PriorityClass and preemption are how production teams resolve GPU contention at the Kubernetes scheduler level. Without them, the only outcome of a full cluster is a Pending pod queue ordered by submission time — there's no notion of "this training job matters more than that throwaway notebook." This lab teaches the complete model: how Kubernetes uses an integer priority value to rank pods, how the scheduler decides which low-priority pods to evict to make room for a high-priority pod, why preemptionPolicy: Never is what you use when you want priority ranking without disruption, and the failure modes when a pod references a PriorityClass that doesn't exist.

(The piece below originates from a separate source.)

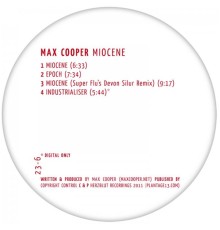 Max Cooper - Miocene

By the end you'll have authored three PriorityClasses (low, medium, high), watched the scheduler preempt a low-priority pod when GPU capacity is exhausted, and diagnosed three pods broken in priority-related ways. This is the daily work of a platform engineer running a multi-tenant GPU cluster, and it's a major topic in the NCA-AIIO exam's AI Infrastructure & Operations domain.

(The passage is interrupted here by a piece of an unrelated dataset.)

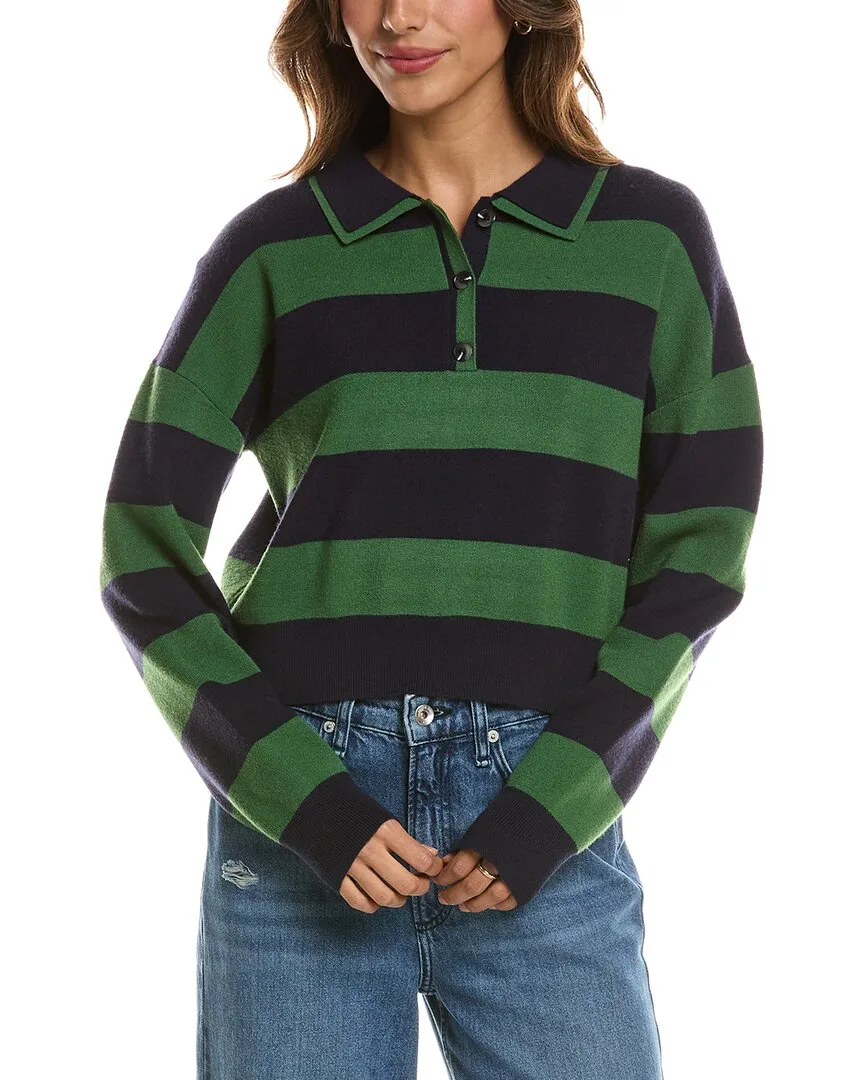 Polo Sweater by 525 America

Frequently asked questions

What's the difference between priority and preemption?

Priority is a ranking — every pod has an integer priority value (default 0) that the scheduler uses when deciding the order of pending pods to admit. Preemption is the action that priority enables — when the scheduler can't fit a high-priority pod on any node because lower-priority pods are using the resources, it can evict (preempt) one or more of those lower-priority pods to make room. Priority always works (it just changes queue order); preemption only fires when the scheduler determines that evicting specific lower-priority pods would let the new pod schedule.

What is preemptionPolicy: Never and when should I use it?

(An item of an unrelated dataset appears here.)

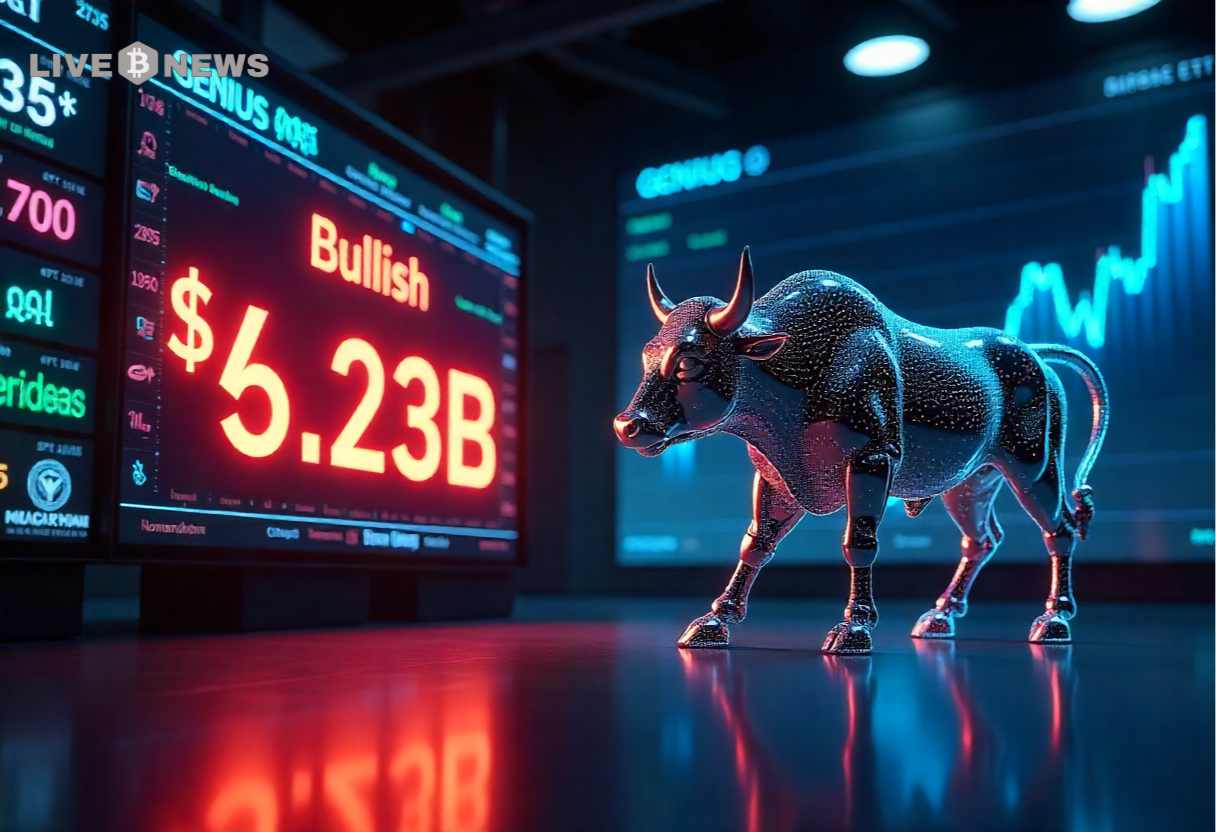 Crypto Exchange Bullish Aims for $4.23B Valuation in IPO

It's a per-PriorityClass setting that turns off the eviction part of preemption while keeping the ranking part. A pod with preemptionPolicy: Never and a high priority value will be admitted ahead of low-priority pods at the front of the Pending queue, but it will not evict any running lower-priority pod to make room. If the cluster is full, it just waits. Use this for high-priority workloads that are still tolerant of waiting (long batch training that can run overnight) when disruption to lower-priority work would be worse than the wait. Most teams set it incorrectly — they want disruption-free ordering but accidentally turn off the entire preemption mechanism.

How does the scheduler pick which lower-priority pod to evict?

The scheduler picks victim pods to minimize disruption while still making room. It considers: lower-priority first (starting with PriorityClass values lower than the incoming pod's, in ascending order), then PodDisruptionBudgets (avoid evicting pods if it would violate a PDB), then minimizing the number of evicted pods (sometimes just one is enough). Pods running with the system PriorityClasses system-cluster-critical (2000000000) and system-node-critical (2000001000) are essentially never preempted — those values are above any reasonable user-defined priority and protect things like the kubelet, control-plane components, and DNS.

Why would my high-priority GPU pod stay Pending even with preemption enabled?

Three common reasons: (1) the pods occupying GPU capacity are at equal or higher priority — the scheduler won't preempt them. (2) Your pod's request can't be satisfied even after evicting all evictable low-priority pods (e.g., asking for 4 GPUs when the cluster has 2 GPUs of low-priority work and 2 of medium-priority — only the 2 low get evicted, you still need 2 more). (3) preemptionPolicy: Never is set on your PriorityClass — you got the priority ordering but explicitly turned off eviction. Diagnose with kubectl describe pod and look at the scheduler events for the explanation.